This period witnessed widespread preglacial land elevation across North America, Europe, and Asia, dramatically altering topography with new mountain ranges, changed stream courses, and isolated volcanic activity worldwide. For a brief time, all land on earth was connected except for Australia, enabling the last great worldwide animal migration. North America linked with both South America and Asia, allowing free exchange of animal life, with Asian sloths, armadillos, antelopes, and bears entering North America while North American camels migrated to China.
Life from the preceding period generally continued to evolve and spread, with the cat family dominating animal life while marine life remained relatively static. Five million years ago, the horse evolved to its modern form and spread worldwide from North America, though it later became extinct on its continent of origin. Climate gradually cooled, causing land plants to move southward and eventually stopping animal migrations over northern land bridges. Soon after, the land connection between Africa and South America submerged, isolating the Western Hemisphere as we know it today. This ten-million-year period concluded without the appearance of human ancestors, and is known scientifically as the Pliocene.
By the previous period's end, northeastern North America and northern Europe had risen significantly, with some North American areas elevated up to 30,000 feet. These northern regions had previously enjoyed mild climates with ice-free arctic waters, but shifting ocean currents and seasonal winds created constant precipitation over the northern highlands. Snow accumulated on these elevated, cool regions until reaching depths of 20,000 feet, eventually metamorphosing into solid, creeping ice that formed massive glacial sheets.

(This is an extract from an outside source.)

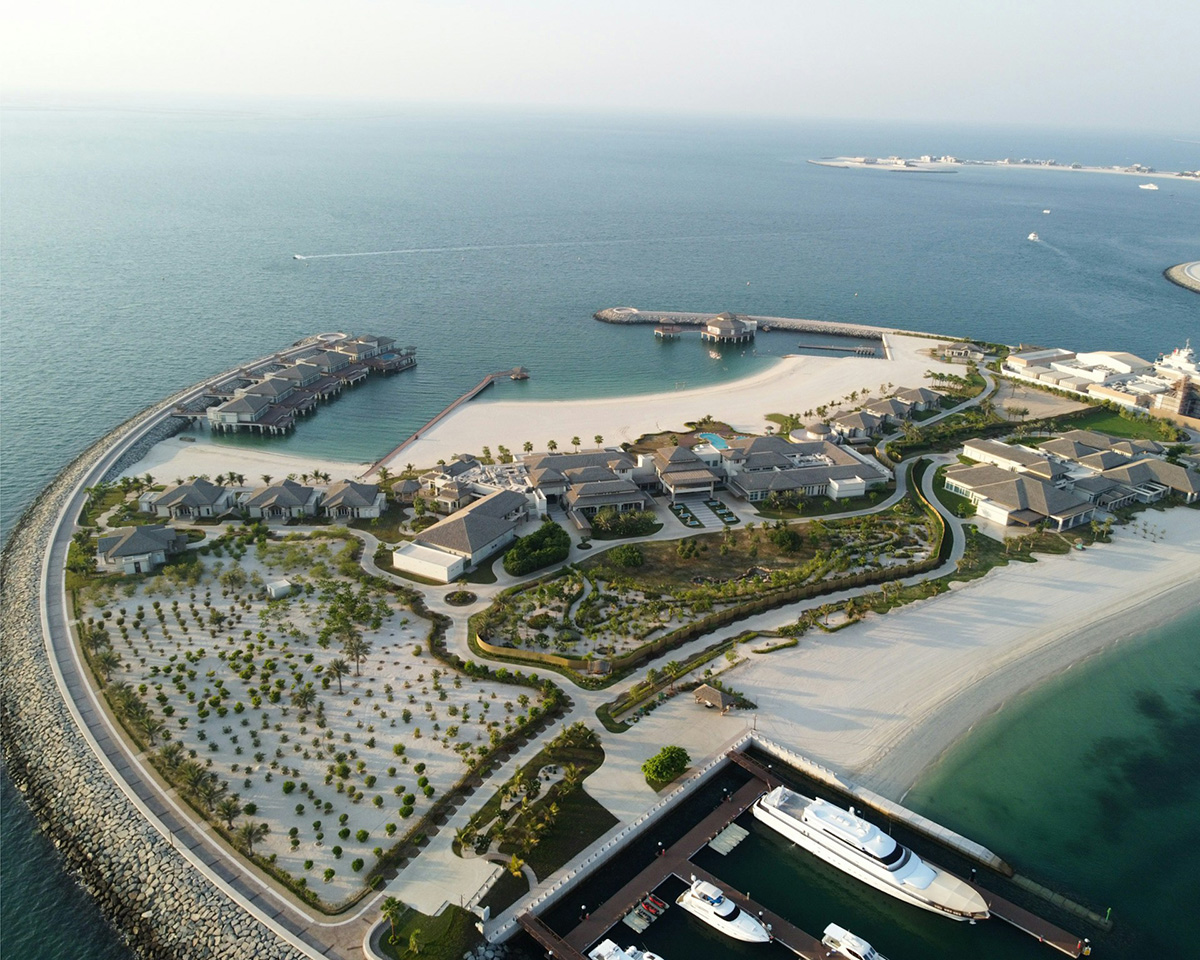 Arial view of Jumeirah Beach in Dubai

The glacial ice was distributed with half in North America, one-fourth in Eurasia, and one-fourth elsewhere, primarily Antarctica. Northern regions experienced six distinct ice invasions with numerous advances and recessions associated with each sheet. The first North American glacier began its southern advance two million years ago, taking nearly one million years to complete its cycle of advance and retreat. Subsequent glaciers followed, with varying degrees of coverage and impact on the landscape. Between glacial periods, the climate was milder than today, while during active glaciation, enormous icebergs slid off coastal regions into the surrounding seas, dramatically affecting regional environments.
The great event of this glacial period was the evolution of primitive humans. Slightly west of India, on land now submerged, dawn mammals appeared among descendants of North American lemur types. These small animals primarily walked on their hind legs and possessed large brains proportionate to their size. Through successive mutations, mid-mammals emerged, followed by the Primates, and finally human beings. This evolutionary sequence occurred alongside a parallel development that produced the simian ancestry, with human lineage always advancing while simian tribes remained stationary or retrogressed.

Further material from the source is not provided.